** Given material **

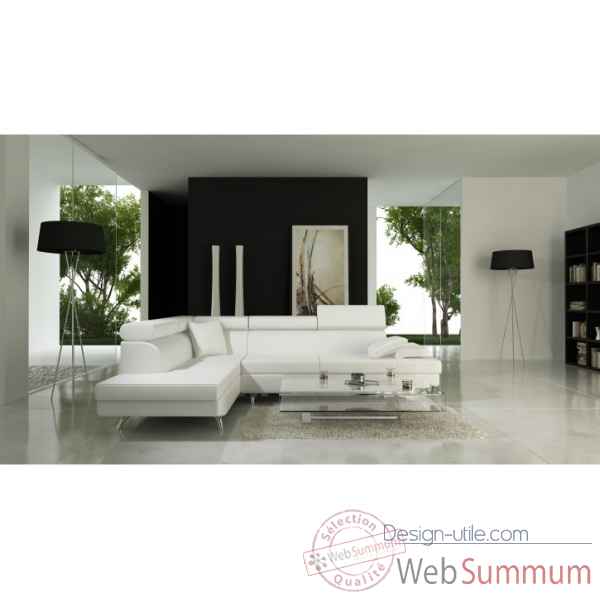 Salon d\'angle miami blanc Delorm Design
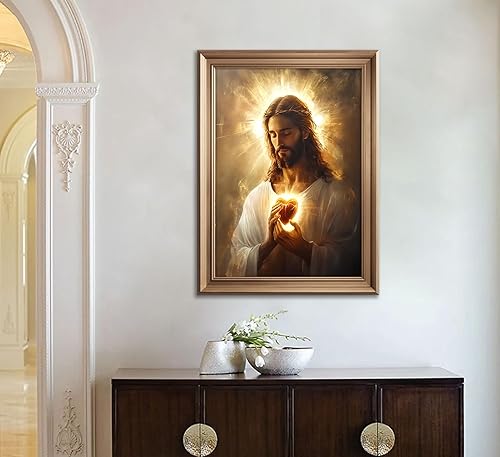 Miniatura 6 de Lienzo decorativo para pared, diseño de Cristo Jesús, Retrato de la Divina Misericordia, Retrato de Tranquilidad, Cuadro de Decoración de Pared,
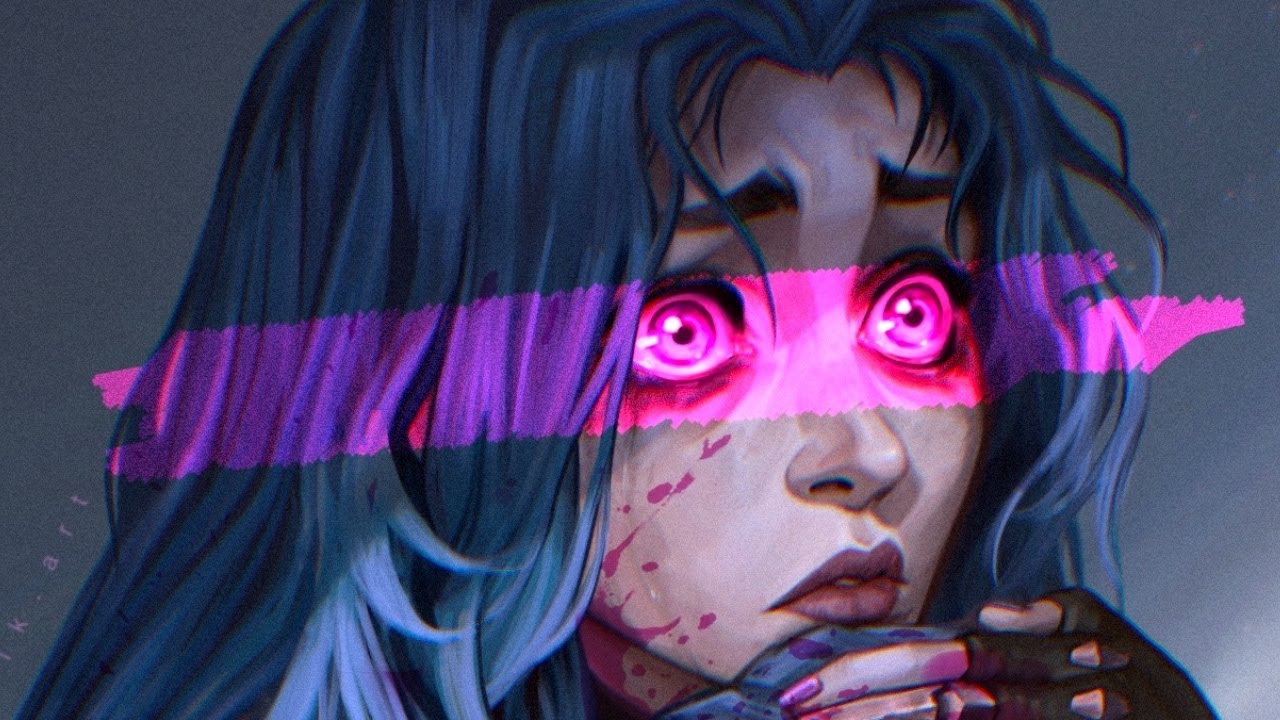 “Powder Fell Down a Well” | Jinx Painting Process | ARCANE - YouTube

** What is expected **
Set the preceding data down again word for word, omitting images.

** Task response **
 Salon d\'angle miami blanc Delorm Design
 Miniatura 6 de Lienzo decorativo para pared, diseño de Cristo Jesús, Retrato de la Divina Misericordia, Retrato de Tranquilidad, Cuadro de Decoración de Pared,
 “Powder Fell Down a Well” | Jinx Painting Process | ARCANE - YouTube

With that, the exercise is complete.